**INSTRUCTIONS FOR THE TASK:**
Your answer should be the records again, unchanged in wording and free of images.

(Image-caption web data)
______________________________

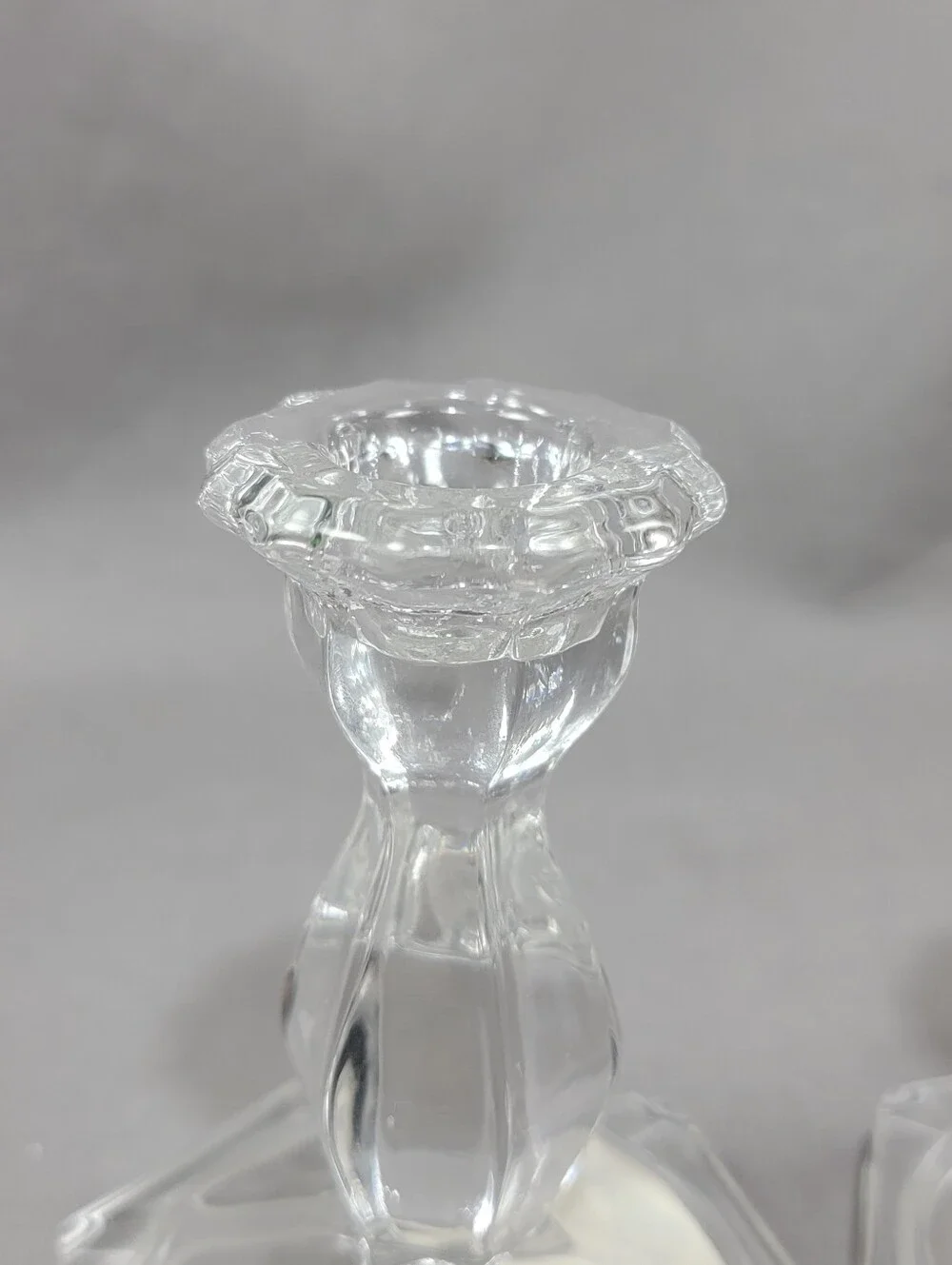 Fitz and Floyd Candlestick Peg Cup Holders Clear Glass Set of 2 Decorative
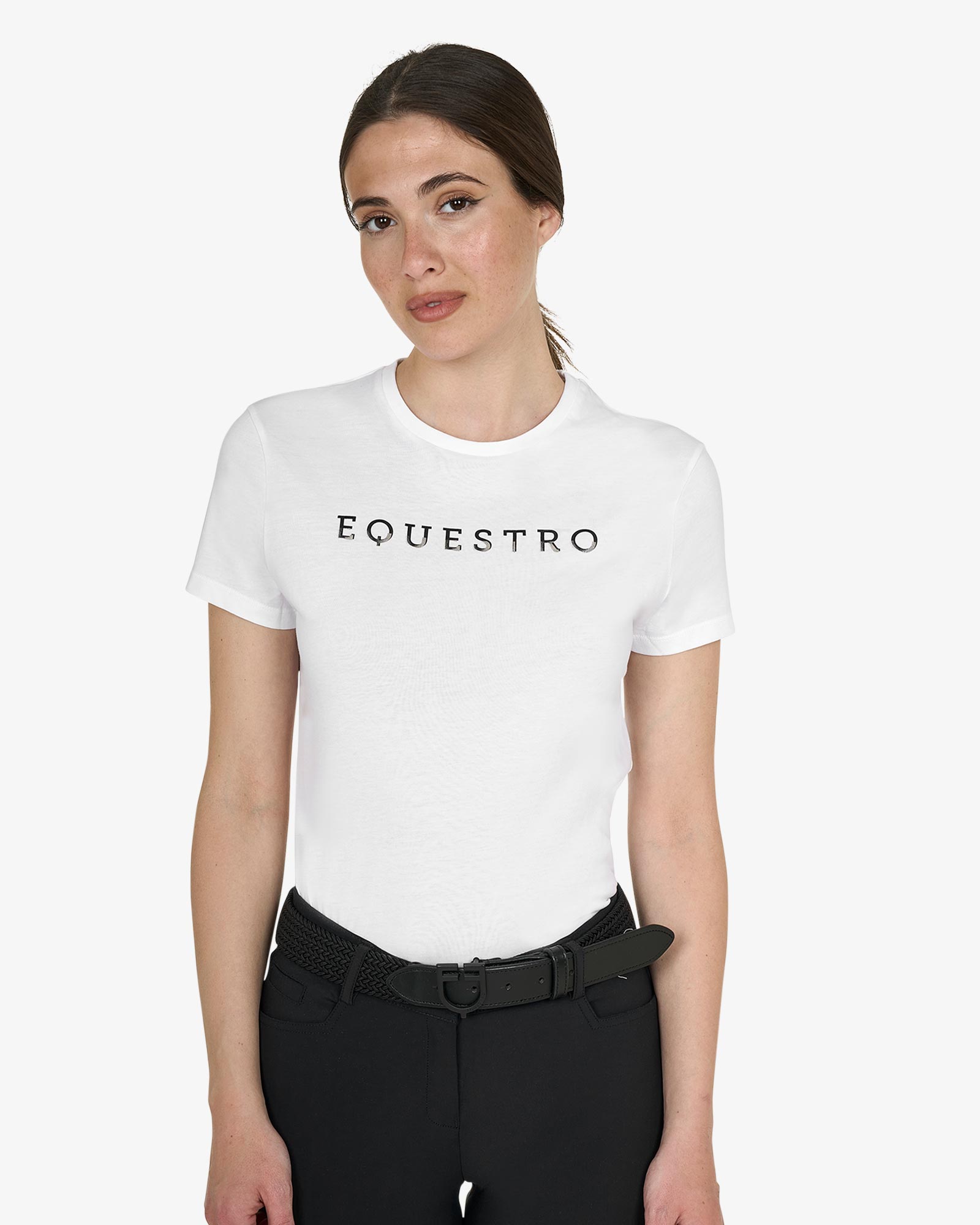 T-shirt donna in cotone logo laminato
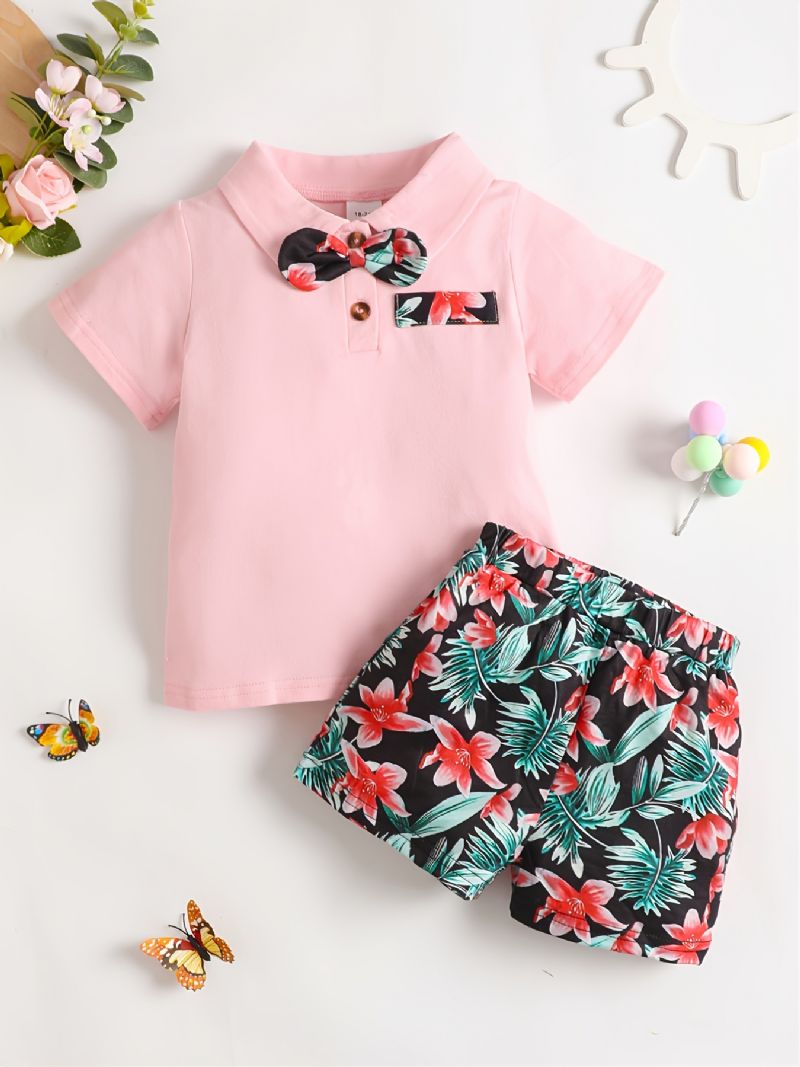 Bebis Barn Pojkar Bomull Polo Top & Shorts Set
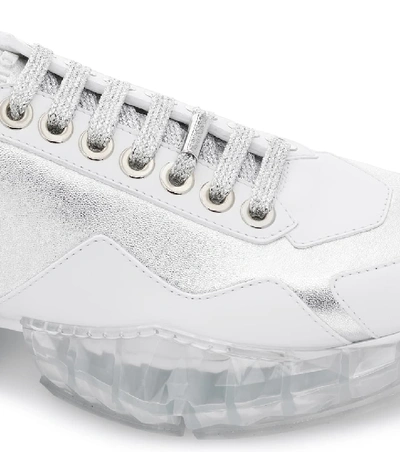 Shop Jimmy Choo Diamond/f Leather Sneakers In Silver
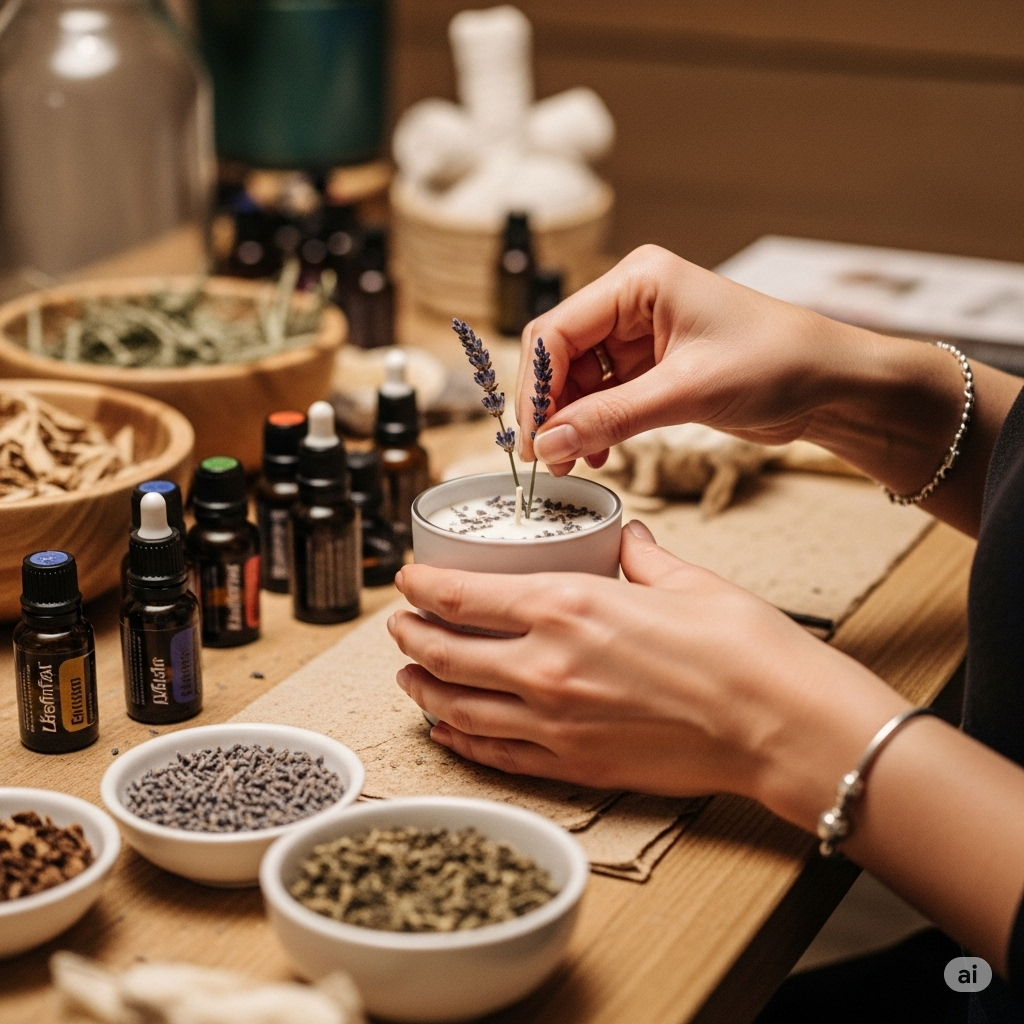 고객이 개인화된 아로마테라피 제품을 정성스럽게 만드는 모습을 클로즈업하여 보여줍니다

______________________________

**RESULT OF THIS TASK:**
 Fitz and Floyd Candlestick Peg Cup Holders Clear Glass Set of 2 Decorative
 T-shirt donna in cotone logo laminato
 Bebis Barn Pojkar Bomull Polo Top & Shorts Set
 Shop Jimmy Choo Diamond/f Leather Sneakers In Silver
 고객이 개인화된 아로마테라피 제품을 정성스럽게 만드는 모습을 클로즈업하여 보여줍니다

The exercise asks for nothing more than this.